Crawled caption data:
______

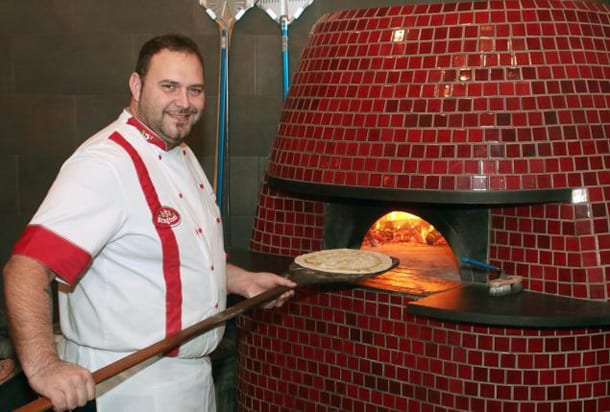 La dieta della pizza dello chef Pasquale Cozzolino: una margherita al giorno
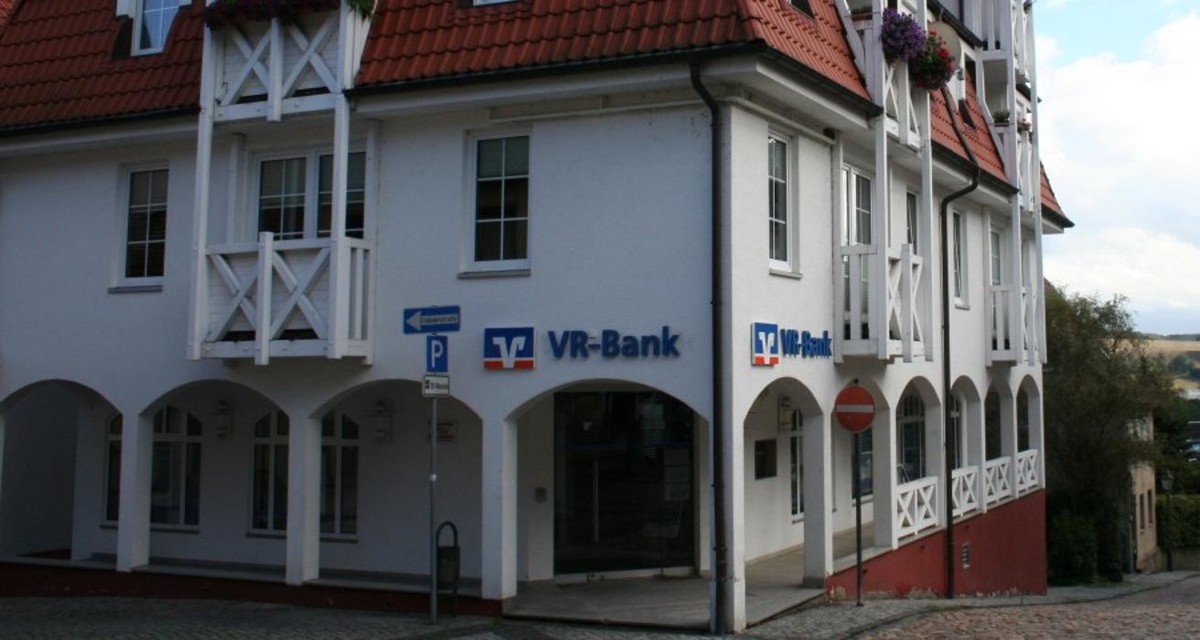 Bilder Volksbank-Raiffeisenbank Glauchau eG - Filiale Waldenburg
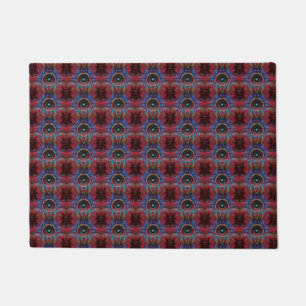 Music speakers pattern doormat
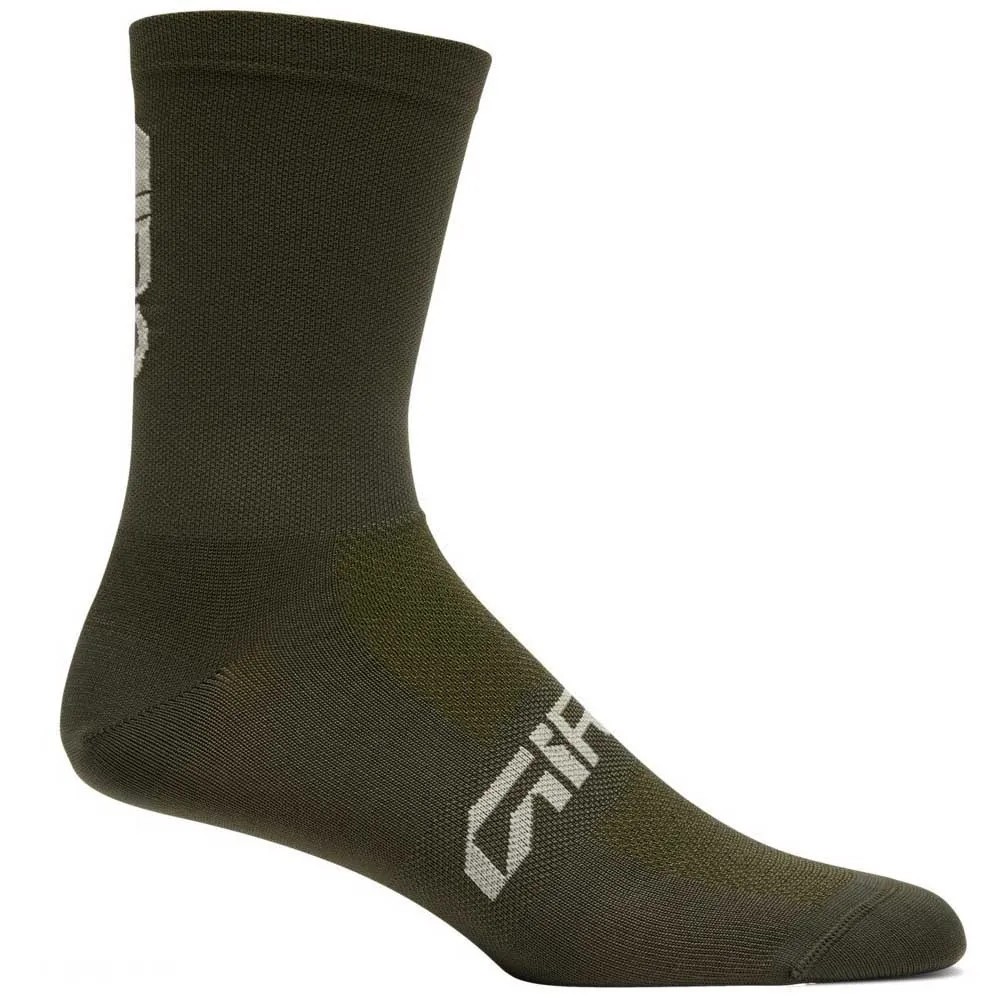 GIRO Comp Racer High Rise 車襪 透氣 舒適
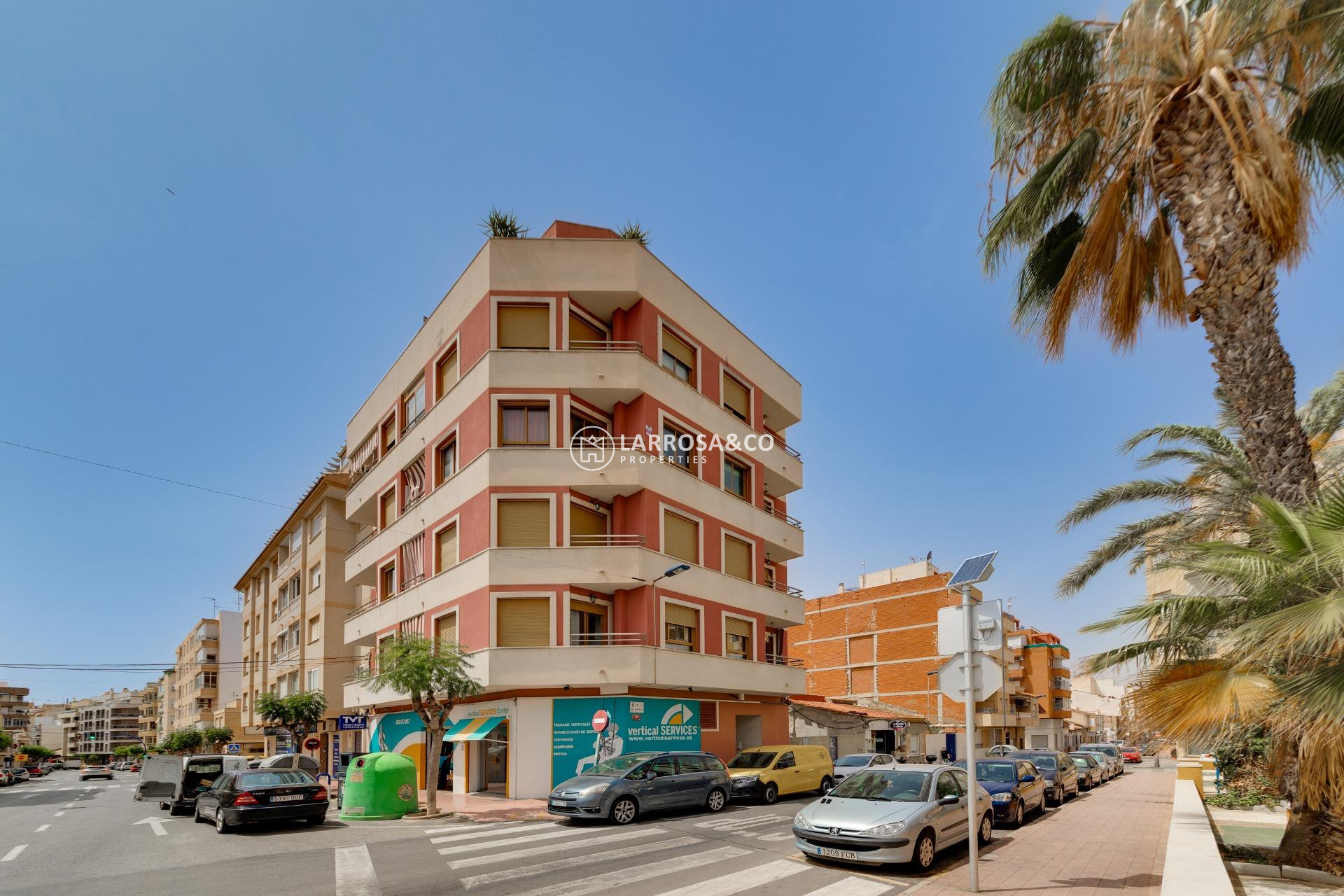 A Vendre - Apartment - Torrevieja - Centro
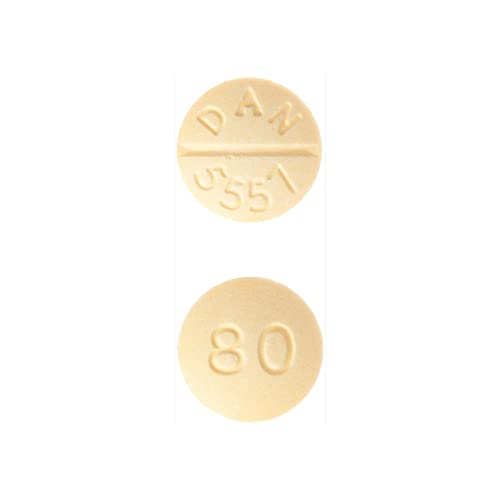propranolol 80 mg lp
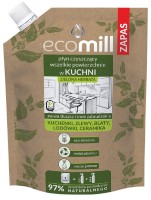 Detergent pentru bucătărie Ecomill Kitchen Green Tea 1000ml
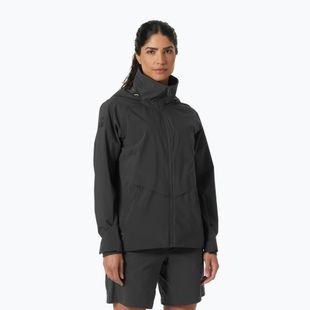 Damen-Seglerjacke Helly Hansen Hp Racing Hooded ebony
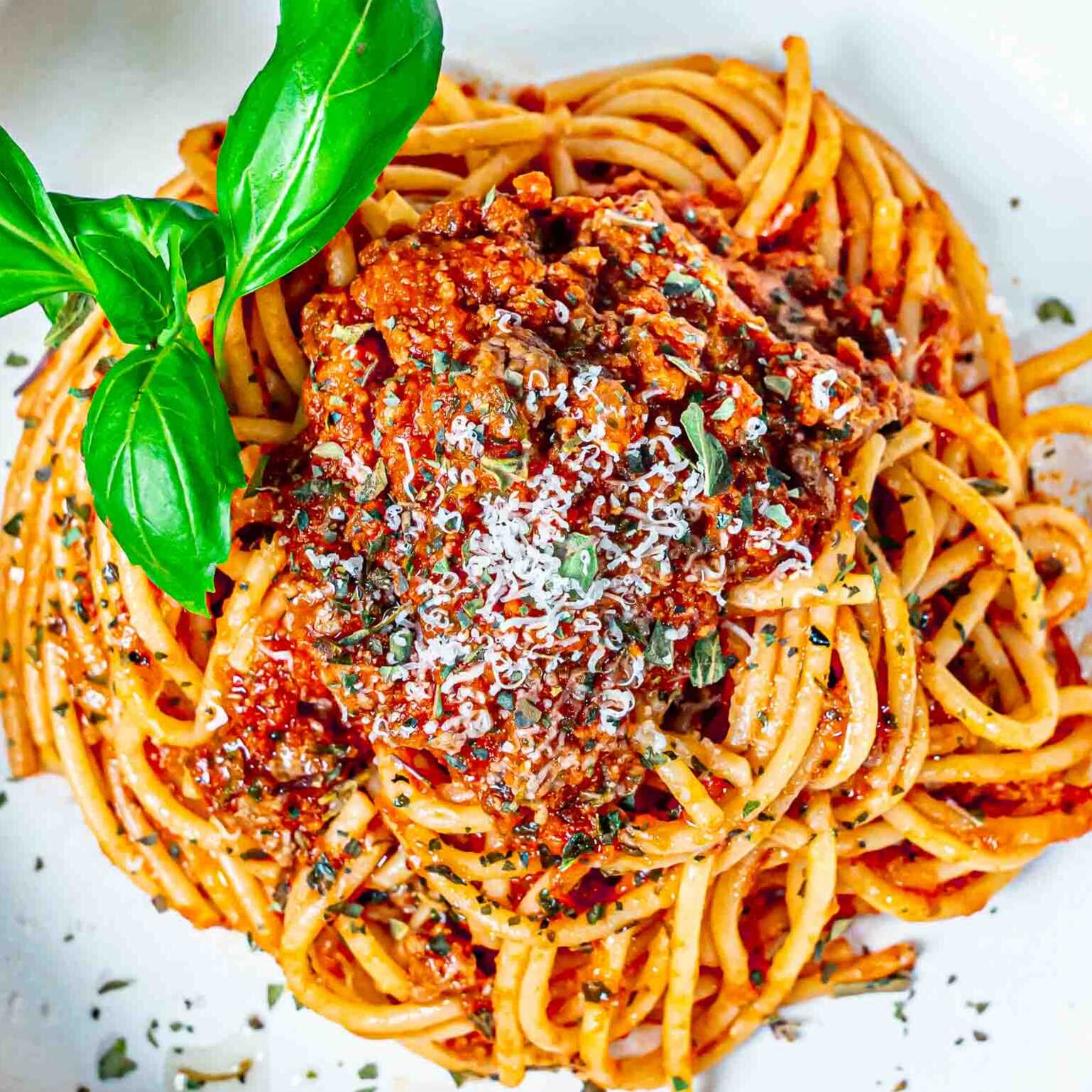 Spaguetti Bolognesa Promo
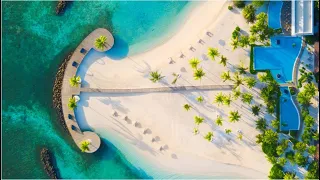 Dhigali Maldives 5*. Отели на Мальдивах. Обзор отеля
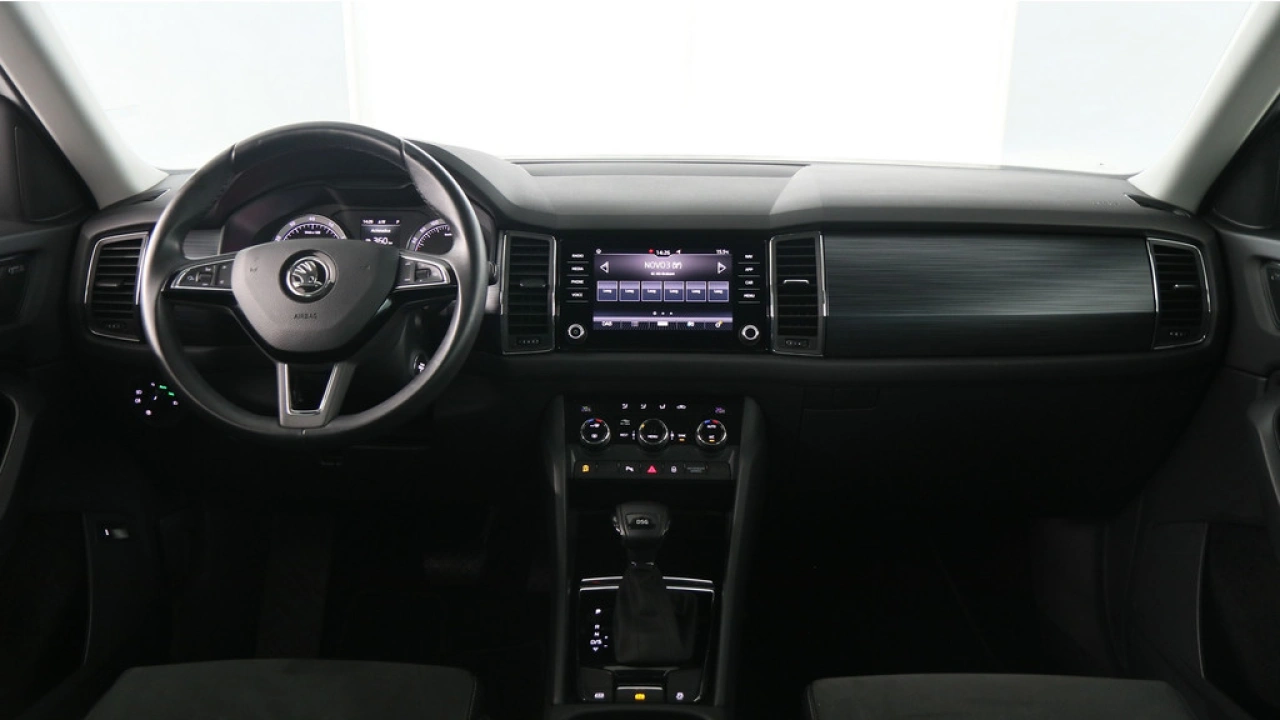 Škoda Kodiaq 1.5 TSI 150pk Limited Business Edition DSG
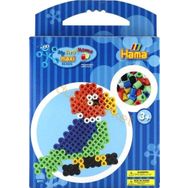 Hama 8771 Maxi Boncuk Kutulu Papağan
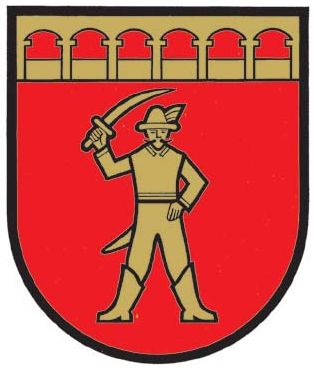 Wappen von Mischendorf/Arms of Mischendorf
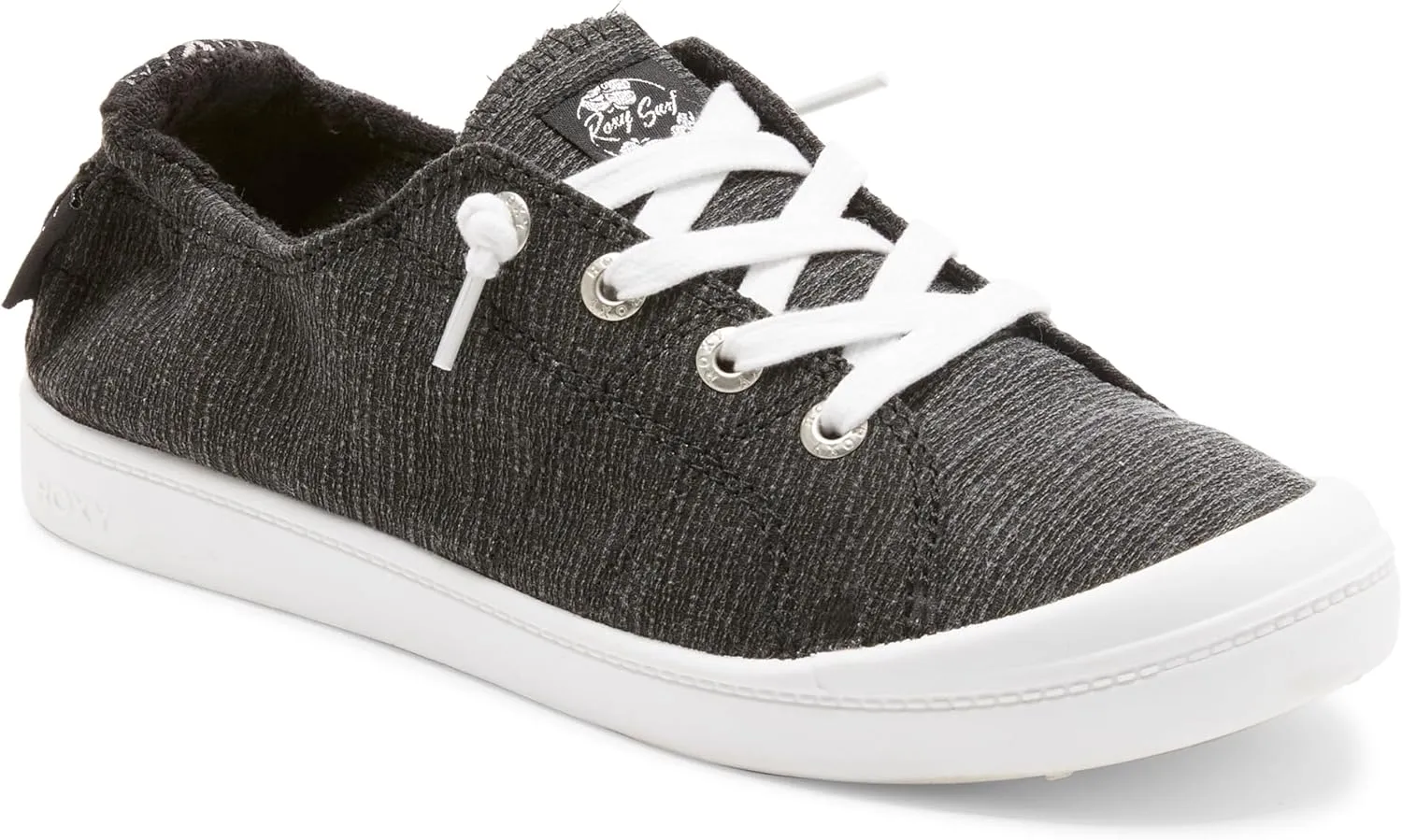 Roxy Women's Bayshore Slip on Sneaker Shoe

______

> **INSTRUCTIONS TO FOLLOW**: Please transcribe exactly the lines from the one containing "A Vendre - Apartment - Torrevieja - Centro" through the last line of the records above, both included, and leave out every picture.

> **SOLUTION**:
 A Vendre - Apartment - Torrevieja - Centro
propranolol 80 mg lp
 Detergent pentru bucătărie Ecomill Kitchen Green Tea 1000ml
 Damen-Seglerjacke Helly Hansen Hp Racing Hooded ebony
 Spaguetti Bolognesa Promo
 Dhigali Maldives 5*. Отели на Мальдивах. Обзор отеля
 Škoda Kodiaq 1.5 TSI 150pk Limited Business Edition DSG
 Hama 8771 Maxi Boncuk Kutulu Papağan
 Wappen von Mischendorf/Arms of Mischendorf
 Roxy Women's Bayshore Slip on Sneaker Shoe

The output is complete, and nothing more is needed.